Dian melanjutkan, “Dulu kan saya pernah ngomong pada awal-awal gitu kan, saya akan targetkan menjadi seribu. Tapi ternyata tanpa saya harus memaksa segala macam pun, kayaknya jumlah itu akan tercapai.”
Menurut Dian, penguatan BPR/BPRS sangat penting karena BPR, yang hanya diwajibkan memiliki modal inti minimum Rp6 miliar, dapat melakukan berbagai layanan seperti bank umum, termasuk listed, sistem pembayaran, hingga transaksi devisa. Tanpa pembenahan aspek manajemen risiko dan tata kelola, cita-cita BPR untuk masuk pasar modal akan sulit tercapai.

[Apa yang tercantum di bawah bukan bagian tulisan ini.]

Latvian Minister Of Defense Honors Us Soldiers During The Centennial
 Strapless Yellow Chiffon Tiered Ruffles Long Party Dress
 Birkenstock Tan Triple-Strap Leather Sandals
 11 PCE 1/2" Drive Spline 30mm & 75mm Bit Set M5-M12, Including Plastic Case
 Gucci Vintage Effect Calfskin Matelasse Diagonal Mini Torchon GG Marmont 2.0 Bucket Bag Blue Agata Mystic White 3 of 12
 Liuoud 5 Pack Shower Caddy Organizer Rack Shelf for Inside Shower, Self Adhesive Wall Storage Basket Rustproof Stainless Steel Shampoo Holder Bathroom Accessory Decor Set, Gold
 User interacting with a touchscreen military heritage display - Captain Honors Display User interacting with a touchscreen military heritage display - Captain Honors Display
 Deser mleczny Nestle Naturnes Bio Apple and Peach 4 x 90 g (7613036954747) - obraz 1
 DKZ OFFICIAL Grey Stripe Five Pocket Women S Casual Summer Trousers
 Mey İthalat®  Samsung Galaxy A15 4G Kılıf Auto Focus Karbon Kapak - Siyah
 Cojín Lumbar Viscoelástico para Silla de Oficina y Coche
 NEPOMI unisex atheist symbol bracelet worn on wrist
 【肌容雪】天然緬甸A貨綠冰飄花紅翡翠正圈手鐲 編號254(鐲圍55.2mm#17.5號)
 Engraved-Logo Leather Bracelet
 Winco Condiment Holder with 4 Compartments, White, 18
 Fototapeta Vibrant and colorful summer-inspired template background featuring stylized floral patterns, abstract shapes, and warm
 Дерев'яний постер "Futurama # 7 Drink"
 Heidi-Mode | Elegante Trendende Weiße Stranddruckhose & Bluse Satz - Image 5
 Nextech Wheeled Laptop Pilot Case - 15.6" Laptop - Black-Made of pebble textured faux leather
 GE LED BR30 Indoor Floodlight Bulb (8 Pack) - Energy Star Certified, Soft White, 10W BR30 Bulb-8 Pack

Dua Aksi Merger Besar-besaran
Sepanjang tahun 2025, tercatat ada dua aksi merger BPR besar-besaran yang signifikan:
- Merger Empat BPR dalam Satu Grup: Sebanyak empat BPR dalam satu naungan memutuskan untuk melebur. BPR-BPR tersebut adalah PT BPR Bina Sejahtera Insani (Binsani), PT BPR Rejeki Insani, PT BPR Dutabhakti Insani, dan PT BPR Bina Kharisma Insani. BPR Binsani yang berlokasi di Karanganyar, Jawa Tengah, menjadi entitas yang menerima penggabungan ketiga BPR lainnya. Merger ini resmi dilakukan pada 27 Agustus 2025.
- Transformasi BPRS Muhammadiyah Menjadi Bank Umum Syariah: Bank Syariah Matahari, besutan Pimpinan Pusat (PP) Muhammadiyah, mendapatkan izin operasional dari OJK pada 18 Juni 2025. Bank ini sebelumnya merupakan BPRS yang dijadikan cangkang untuk mendirikan Bank Umum Syariah (BUS). Muhammadiyah memilih strategi ini karena kesulitan untuk melebur sebanyak 17 BPRS yang dimilikinya menjadi satu entitas.
Wakil Ketua Majelis Ekonomi, Bisnis dan Pariwisata (MEBP) Pimpinan Pusat Muhammadiyah, Mukhaer Pakkanna, menjelaskan strategi tersebut.
“BPRS Matahari Artha Daya itu yang [jadi] bank nanti, kemudian [BPRS lain] ikut gabung. Jadi BPR lain bisa memegang saham ke bank yang baru. Satu yang jadi magnet. Jadi satu itu yang ditransformasi menjadi bank. Habis itu yang lain akan masuk juga. Jadi bukan di-merger, ya. Dia akan melebur,” ungkap Mukhaer usai acara Kolaborasi Strategis Muhammadiyah dan DMMX di Jakarta, Rabu (25/6/2025).